*What to work on*
For every record that follows, write out the text exactly and omit the picture, if one is present.

_ _ _ _ _

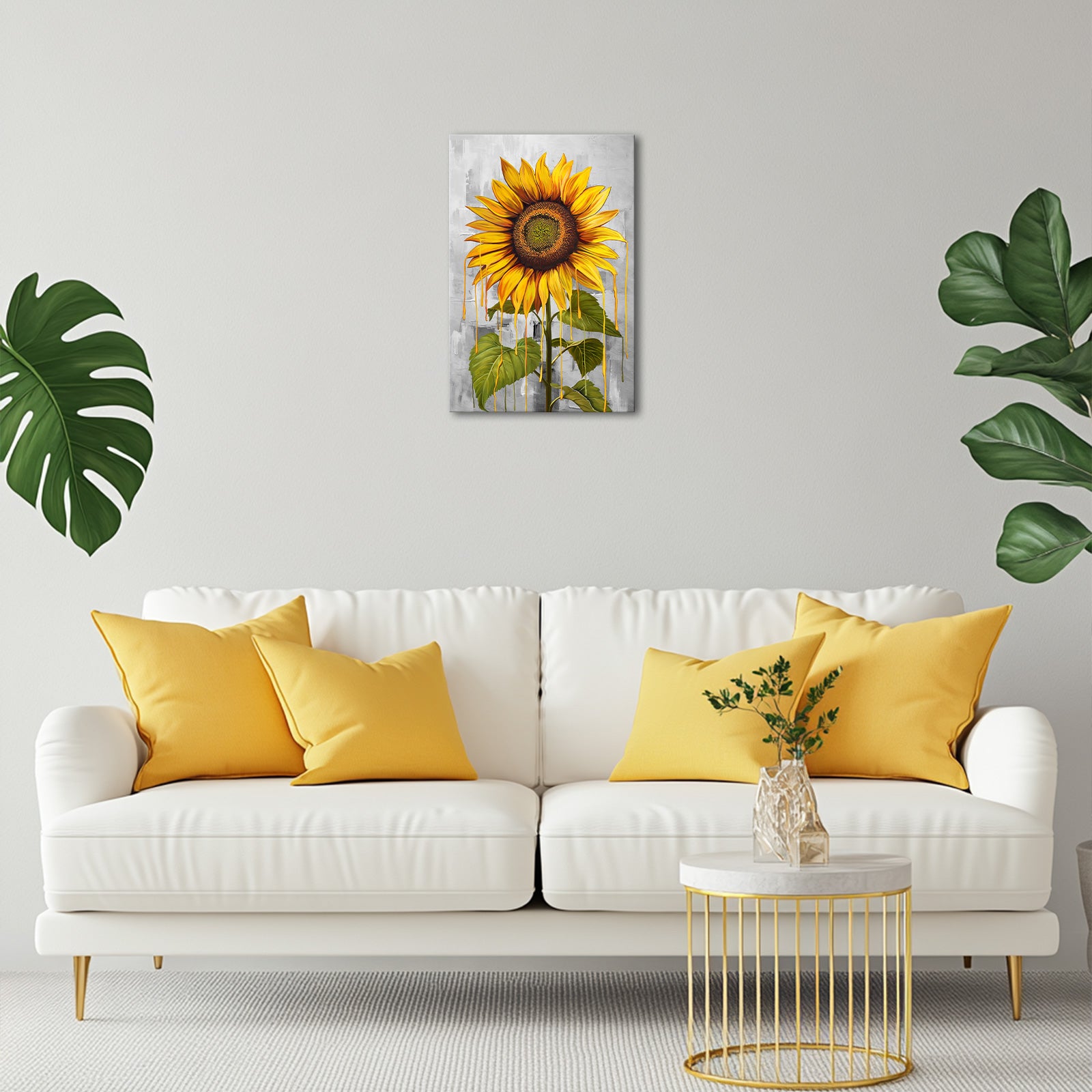 Brilliant Sunflower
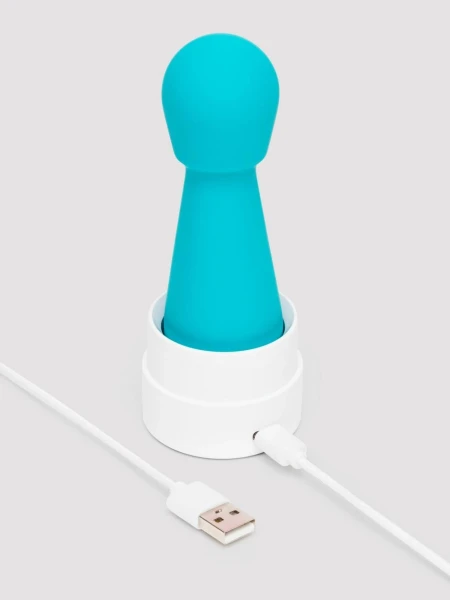 Lovehoney Secret Wonder Rechargeable Silicone Vibrator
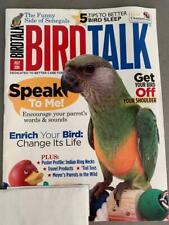 Bird talk magazine for sale  Los Angeles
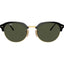 RB4429 black on arista green - Ray Ban0RB4429 - 8952
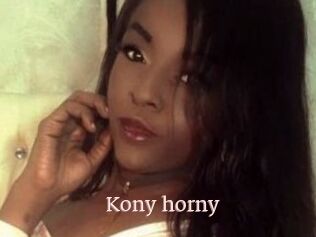 Kony_horny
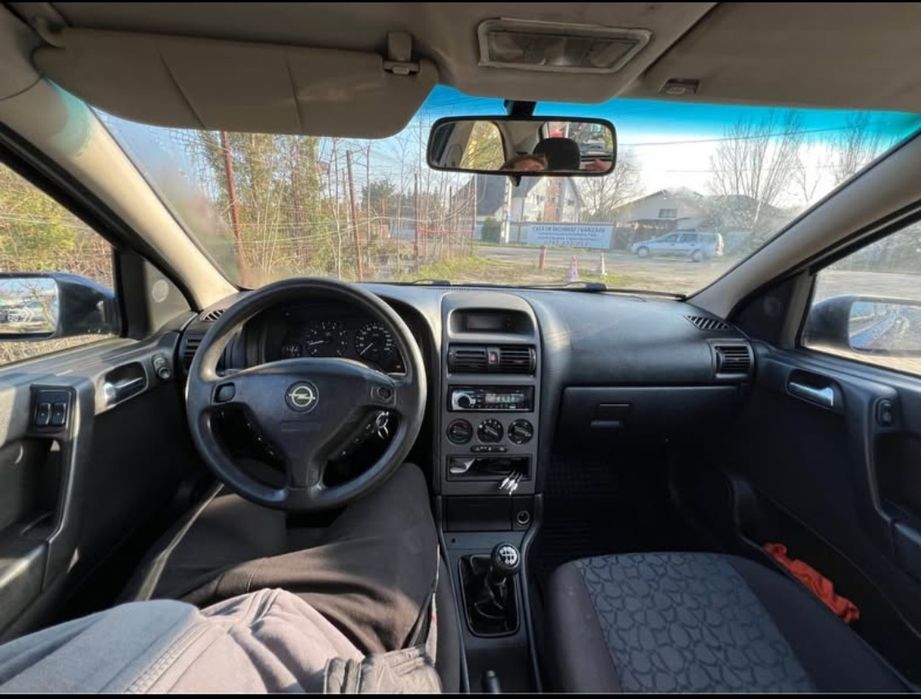 Vând/Schimb Opel Astra G 1.6 16v 105 cp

_ _ _ _ _

*Answer space*
 Brilliant Sunflower
 Lovehoney Secret Wonder Rechargeable Silicone Vibrator
 Bird talk magazine for sale  Los Angeles
 RB4429 black on arista green - Ray Ban0RB4429 - 8952
 Kony_horny
 Vând/Schimb Opel Astra G 1.6 16v 105 cp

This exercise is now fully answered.